## Aim of the task
Below are the entries; give again exactly the lines from the one mentioning "Qanunsuz orden-medallar təsis" through the one mentioning "사진 3 MAN TGS", inclusive.

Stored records

----

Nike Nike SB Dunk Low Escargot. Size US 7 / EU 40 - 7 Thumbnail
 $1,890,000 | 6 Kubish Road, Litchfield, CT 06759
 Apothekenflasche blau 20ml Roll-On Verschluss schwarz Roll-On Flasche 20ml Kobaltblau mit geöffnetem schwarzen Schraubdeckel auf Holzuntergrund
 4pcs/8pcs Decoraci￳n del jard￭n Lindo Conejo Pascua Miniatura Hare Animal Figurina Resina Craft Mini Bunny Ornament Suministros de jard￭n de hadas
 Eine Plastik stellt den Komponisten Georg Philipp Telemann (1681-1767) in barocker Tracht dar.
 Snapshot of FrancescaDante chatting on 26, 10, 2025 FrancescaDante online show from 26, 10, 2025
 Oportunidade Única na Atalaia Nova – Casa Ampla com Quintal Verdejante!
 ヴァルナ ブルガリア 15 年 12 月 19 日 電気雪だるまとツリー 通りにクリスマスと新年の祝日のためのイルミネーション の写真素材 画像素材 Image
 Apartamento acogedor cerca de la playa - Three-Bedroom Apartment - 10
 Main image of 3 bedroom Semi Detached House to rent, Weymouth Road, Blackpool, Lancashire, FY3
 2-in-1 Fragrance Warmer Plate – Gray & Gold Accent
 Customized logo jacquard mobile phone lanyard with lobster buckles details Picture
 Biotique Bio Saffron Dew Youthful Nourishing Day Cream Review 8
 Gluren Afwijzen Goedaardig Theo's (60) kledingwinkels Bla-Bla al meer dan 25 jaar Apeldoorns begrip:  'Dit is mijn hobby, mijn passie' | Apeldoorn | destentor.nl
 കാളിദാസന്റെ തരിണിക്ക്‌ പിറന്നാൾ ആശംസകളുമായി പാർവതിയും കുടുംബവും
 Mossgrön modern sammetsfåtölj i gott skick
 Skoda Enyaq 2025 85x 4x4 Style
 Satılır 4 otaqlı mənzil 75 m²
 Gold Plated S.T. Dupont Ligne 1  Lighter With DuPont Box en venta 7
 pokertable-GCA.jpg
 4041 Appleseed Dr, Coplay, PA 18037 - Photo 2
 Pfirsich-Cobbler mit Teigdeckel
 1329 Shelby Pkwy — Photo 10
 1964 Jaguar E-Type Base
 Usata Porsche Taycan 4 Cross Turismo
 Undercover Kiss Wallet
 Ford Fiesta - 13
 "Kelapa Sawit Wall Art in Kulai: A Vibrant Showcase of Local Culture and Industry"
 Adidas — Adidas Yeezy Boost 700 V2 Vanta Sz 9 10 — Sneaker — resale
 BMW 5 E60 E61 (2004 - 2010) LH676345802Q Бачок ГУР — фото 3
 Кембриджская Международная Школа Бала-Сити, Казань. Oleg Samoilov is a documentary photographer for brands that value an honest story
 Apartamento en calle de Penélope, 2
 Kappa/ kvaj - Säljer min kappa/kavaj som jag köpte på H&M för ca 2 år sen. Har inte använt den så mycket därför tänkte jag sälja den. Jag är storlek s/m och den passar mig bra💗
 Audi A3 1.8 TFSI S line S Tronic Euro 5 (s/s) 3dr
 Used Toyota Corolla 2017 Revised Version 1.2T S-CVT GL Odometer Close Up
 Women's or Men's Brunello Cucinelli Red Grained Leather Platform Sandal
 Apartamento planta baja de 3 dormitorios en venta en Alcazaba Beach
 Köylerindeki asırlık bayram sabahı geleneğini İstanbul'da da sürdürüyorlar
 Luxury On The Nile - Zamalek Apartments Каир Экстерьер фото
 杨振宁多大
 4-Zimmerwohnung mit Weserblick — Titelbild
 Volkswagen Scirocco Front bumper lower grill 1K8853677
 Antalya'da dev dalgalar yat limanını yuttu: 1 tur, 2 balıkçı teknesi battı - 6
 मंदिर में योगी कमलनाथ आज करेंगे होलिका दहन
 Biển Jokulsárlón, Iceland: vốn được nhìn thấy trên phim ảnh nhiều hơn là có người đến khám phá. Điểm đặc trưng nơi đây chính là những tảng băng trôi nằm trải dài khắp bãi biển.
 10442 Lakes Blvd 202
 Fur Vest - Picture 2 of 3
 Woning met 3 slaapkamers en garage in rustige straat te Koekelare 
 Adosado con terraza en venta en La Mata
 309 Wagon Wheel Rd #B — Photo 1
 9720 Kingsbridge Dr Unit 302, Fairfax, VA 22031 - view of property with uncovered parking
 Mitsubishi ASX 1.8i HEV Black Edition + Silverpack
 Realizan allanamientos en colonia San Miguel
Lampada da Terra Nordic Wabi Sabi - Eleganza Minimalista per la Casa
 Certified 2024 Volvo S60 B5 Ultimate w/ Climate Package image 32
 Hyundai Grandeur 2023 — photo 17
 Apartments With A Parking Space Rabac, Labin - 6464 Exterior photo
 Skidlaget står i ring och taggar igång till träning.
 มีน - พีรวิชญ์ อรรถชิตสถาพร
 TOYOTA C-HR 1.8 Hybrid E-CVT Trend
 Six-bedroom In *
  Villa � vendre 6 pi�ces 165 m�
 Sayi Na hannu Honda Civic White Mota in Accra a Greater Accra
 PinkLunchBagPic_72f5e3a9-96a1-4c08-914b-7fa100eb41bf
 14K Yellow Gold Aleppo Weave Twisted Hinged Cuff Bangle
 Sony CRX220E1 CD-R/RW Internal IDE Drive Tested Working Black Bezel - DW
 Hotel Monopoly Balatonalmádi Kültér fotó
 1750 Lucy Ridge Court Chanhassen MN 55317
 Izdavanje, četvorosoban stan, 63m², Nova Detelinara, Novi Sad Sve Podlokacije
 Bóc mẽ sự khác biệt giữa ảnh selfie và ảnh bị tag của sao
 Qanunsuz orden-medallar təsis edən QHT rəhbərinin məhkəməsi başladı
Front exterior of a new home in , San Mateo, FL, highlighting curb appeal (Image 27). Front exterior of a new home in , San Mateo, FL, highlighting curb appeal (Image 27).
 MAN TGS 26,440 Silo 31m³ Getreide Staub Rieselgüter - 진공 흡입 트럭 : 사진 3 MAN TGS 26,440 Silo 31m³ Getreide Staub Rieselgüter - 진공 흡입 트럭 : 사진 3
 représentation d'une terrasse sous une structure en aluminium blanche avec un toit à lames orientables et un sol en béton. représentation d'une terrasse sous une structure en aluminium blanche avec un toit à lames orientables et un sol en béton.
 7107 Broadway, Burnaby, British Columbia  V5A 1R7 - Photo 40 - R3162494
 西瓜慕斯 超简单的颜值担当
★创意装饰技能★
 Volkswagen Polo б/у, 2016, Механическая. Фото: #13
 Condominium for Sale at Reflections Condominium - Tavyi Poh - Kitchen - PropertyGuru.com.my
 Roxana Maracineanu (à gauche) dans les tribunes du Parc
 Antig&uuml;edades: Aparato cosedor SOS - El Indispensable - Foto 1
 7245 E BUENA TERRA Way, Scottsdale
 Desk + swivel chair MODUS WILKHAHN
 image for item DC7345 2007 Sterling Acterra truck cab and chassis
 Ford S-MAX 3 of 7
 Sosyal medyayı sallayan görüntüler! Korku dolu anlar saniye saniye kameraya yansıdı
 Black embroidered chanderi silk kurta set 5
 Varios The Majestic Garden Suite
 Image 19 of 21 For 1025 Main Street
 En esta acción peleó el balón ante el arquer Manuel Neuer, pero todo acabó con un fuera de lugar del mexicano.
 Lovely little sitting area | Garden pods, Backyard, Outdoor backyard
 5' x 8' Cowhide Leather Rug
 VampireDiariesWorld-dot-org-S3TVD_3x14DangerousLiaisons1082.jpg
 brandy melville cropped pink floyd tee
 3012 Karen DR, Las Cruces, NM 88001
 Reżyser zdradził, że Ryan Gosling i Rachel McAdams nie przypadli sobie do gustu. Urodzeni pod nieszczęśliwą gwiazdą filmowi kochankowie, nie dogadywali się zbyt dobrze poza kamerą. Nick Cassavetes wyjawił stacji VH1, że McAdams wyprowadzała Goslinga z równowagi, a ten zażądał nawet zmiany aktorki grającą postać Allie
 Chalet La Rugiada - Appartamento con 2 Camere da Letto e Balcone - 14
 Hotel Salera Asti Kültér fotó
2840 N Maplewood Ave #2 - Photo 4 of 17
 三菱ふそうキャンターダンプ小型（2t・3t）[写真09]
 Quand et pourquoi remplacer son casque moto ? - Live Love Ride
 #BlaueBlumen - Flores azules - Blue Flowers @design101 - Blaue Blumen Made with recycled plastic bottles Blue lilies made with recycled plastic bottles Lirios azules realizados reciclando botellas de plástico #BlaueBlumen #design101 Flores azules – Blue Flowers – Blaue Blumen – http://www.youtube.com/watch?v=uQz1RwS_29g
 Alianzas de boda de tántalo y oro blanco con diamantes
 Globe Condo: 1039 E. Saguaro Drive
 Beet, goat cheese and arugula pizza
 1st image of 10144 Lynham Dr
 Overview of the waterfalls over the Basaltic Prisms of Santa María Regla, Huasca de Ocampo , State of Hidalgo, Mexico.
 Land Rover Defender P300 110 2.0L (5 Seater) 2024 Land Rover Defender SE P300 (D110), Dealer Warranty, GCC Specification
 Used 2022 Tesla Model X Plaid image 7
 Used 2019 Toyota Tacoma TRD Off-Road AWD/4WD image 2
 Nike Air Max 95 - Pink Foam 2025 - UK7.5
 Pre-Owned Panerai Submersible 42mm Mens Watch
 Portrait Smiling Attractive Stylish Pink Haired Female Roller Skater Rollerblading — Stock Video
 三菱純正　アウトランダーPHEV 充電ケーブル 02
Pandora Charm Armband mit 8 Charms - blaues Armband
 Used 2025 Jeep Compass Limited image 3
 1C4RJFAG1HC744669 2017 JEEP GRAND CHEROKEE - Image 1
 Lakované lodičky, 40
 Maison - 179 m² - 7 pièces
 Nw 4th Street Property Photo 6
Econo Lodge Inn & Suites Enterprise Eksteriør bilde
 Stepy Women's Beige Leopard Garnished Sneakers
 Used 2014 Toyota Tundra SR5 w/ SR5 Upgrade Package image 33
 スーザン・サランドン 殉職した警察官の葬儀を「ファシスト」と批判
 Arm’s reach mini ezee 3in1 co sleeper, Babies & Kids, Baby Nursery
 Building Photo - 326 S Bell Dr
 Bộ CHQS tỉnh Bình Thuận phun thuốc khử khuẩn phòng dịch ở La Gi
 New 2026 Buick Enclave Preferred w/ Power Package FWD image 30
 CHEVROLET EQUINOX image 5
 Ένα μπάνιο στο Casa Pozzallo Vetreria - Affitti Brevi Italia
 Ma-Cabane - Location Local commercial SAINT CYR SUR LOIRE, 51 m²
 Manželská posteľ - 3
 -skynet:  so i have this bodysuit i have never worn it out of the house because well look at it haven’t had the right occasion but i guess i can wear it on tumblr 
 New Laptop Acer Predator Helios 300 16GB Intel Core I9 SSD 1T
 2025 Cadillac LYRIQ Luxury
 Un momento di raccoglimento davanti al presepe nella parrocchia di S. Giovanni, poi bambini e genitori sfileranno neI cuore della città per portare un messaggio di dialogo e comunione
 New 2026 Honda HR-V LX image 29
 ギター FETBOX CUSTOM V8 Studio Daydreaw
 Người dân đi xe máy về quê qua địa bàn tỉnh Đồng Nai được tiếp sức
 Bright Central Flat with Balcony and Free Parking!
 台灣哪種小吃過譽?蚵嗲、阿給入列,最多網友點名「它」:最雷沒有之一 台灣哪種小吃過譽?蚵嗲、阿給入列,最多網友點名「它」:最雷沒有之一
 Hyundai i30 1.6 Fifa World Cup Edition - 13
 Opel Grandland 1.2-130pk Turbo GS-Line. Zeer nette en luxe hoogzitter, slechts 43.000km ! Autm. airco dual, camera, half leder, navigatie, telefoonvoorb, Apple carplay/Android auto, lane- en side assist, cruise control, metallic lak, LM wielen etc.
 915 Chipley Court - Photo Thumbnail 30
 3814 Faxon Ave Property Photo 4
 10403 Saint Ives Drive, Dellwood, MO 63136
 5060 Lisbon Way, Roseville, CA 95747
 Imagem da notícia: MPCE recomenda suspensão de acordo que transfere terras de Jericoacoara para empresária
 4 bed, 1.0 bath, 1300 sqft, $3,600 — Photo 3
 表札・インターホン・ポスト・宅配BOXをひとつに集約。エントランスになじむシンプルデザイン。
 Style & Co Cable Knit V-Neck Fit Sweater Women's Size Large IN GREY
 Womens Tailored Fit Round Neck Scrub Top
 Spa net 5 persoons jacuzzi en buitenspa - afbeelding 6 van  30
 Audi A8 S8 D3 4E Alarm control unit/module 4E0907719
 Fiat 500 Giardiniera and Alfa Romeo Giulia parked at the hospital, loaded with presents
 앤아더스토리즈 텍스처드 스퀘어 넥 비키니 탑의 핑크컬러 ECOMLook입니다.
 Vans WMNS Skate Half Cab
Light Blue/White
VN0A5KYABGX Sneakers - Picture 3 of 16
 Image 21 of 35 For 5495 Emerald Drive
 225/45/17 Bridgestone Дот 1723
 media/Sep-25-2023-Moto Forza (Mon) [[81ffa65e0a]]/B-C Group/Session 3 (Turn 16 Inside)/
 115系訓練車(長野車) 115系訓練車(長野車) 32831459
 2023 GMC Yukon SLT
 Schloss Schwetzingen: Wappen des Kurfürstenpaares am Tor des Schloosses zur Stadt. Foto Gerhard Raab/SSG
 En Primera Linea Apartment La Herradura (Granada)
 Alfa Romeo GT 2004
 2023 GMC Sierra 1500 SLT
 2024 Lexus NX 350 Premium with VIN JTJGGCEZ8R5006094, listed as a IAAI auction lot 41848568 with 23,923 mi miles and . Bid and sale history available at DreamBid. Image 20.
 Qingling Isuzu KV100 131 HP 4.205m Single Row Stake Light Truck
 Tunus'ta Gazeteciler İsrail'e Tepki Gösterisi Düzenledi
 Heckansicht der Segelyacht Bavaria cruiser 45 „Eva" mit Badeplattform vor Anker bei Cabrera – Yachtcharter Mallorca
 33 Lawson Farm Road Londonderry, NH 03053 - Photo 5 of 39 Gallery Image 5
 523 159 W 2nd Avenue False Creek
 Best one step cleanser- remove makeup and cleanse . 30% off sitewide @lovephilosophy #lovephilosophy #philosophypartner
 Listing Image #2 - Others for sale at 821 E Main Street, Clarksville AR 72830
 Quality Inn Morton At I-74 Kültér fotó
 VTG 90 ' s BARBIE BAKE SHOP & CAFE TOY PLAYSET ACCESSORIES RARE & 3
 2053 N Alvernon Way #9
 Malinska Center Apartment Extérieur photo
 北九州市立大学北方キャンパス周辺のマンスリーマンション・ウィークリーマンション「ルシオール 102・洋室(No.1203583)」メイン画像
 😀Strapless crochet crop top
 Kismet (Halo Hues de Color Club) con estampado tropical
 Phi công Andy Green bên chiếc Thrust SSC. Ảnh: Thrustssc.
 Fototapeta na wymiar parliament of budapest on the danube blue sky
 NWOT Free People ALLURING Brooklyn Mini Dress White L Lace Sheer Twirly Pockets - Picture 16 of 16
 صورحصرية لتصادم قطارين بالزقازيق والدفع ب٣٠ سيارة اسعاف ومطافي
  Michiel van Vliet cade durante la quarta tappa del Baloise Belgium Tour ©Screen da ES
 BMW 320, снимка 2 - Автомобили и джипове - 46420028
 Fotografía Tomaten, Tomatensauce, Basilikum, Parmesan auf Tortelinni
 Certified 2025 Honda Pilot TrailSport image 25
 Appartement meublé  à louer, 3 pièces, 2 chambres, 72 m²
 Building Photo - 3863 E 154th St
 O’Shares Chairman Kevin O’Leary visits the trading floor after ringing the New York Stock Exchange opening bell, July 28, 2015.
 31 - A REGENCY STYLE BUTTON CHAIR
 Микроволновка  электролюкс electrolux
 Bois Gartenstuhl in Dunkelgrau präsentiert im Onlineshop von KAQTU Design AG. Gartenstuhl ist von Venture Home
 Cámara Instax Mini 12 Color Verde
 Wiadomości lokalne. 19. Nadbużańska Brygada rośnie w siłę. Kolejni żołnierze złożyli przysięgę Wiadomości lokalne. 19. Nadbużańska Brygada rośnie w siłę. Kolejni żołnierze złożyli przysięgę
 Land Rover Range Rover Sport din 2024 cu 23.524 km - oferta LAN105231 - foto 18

----

## Answer to the problem
 Qanunsuz orden-medallar təsis edən QHT rəhbərinin məhkəməsi başladı
Front exterior of a new home in , San Mateo, FL, highlighting curb appeal (Image 27). Front exterior of a new home in , San Mateo, FL, highlighting curb appeal (Image 27).
 MAN TGS 26,440 Silo 31m³ Getreide Staub Rieselgüter - 진공 흡입 트럭 : 사진 3 MAN TGS 26,440 Silo 31m³ Getreide Staub Rieselgüter - 진공 흡입 트럭 : 사진 3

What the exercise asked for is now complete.